You should also ensure all on-work-premise devices, such as smartphones and tablets, are properly configured with security features enabled. And simply make sure to patch and update your software and operating system regularly, and back up your data frequently. Finally, we recommend a variety of ransomware protection apps to help you stay safe.
You’re Not Alone
Ransomware hackers use tactics to isolate their victims and threaten them if they ask for help. This perpetuates the notion that no one is coming to help, and that the whole affair is an embarrassment to the victim that should be handled behind closed doors. But this couldn’t be further from the truth. There are many ways to seek help in the case of an attack.

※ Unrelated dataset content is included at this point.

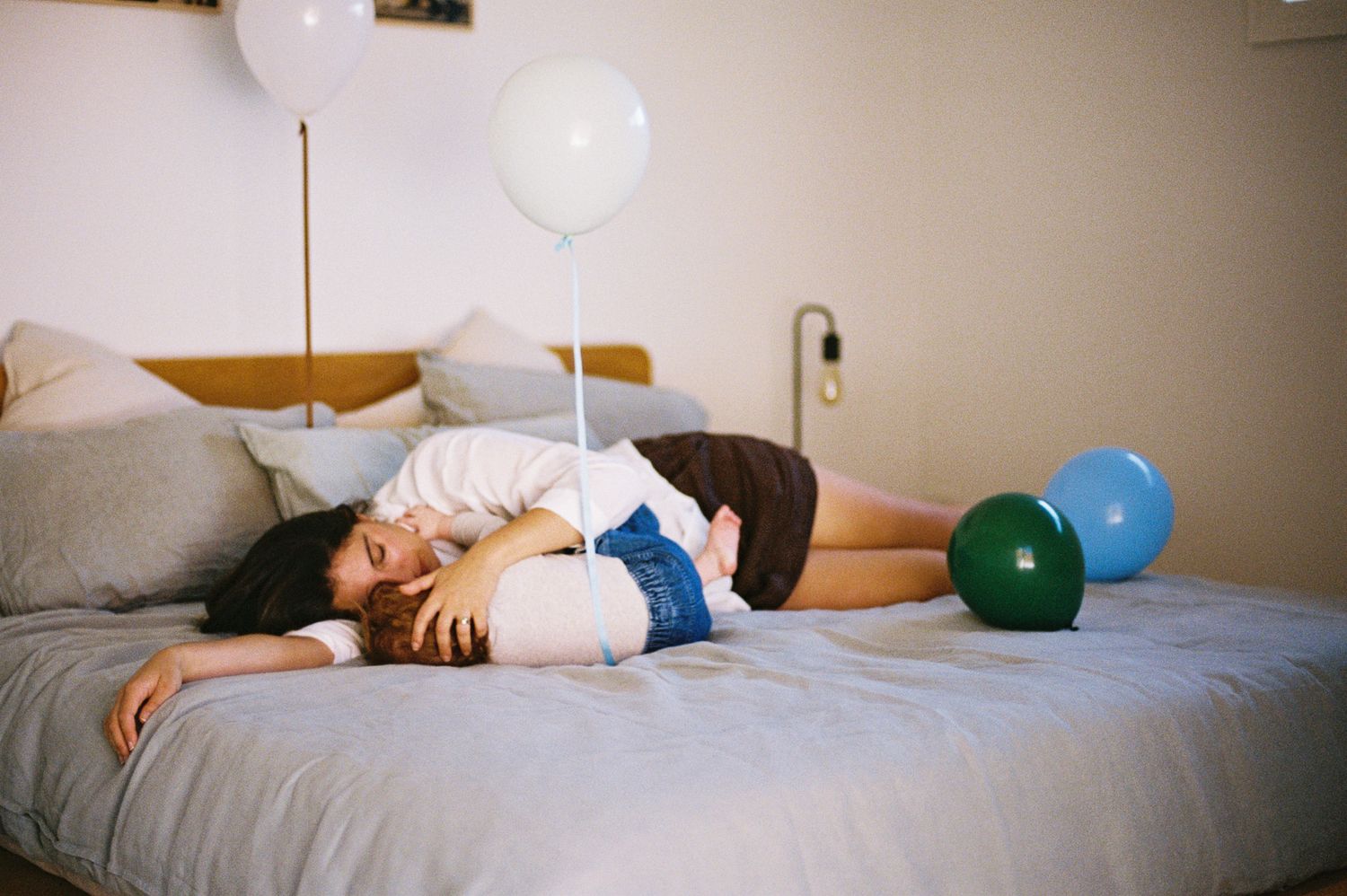 Person lying on a bed surrounded by white, blue, and green balloons in a cozy bedroom setting.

The US Cybersecurity and Infrastructure Security Agency (CISA) offers an official Stop Ransomware Guide with plenty of helpful tips to avoid falling victim to hackers. It also provides free vulnerability scanning to help identify and address potential threats. Additionally, the FBI offers resources in prevention and where you can report cybercrime and get assistance.
A final observation: While some ransomware groups appear to be in a state of flux in light of the war in Ukraine, a recent report from Malwarebytes shows that attacks over the past year have increased, with the US taking the brunt of global attacks (at 43%). And increasingly, hackers are targeting public service sectors such as hospitals and schools.
We can count on criminal tactics evolving into the future—for example, the emergence of AI hackers. But whatever the future holds for ransomware criminals, the best policy is to stay a few steps ahead of them.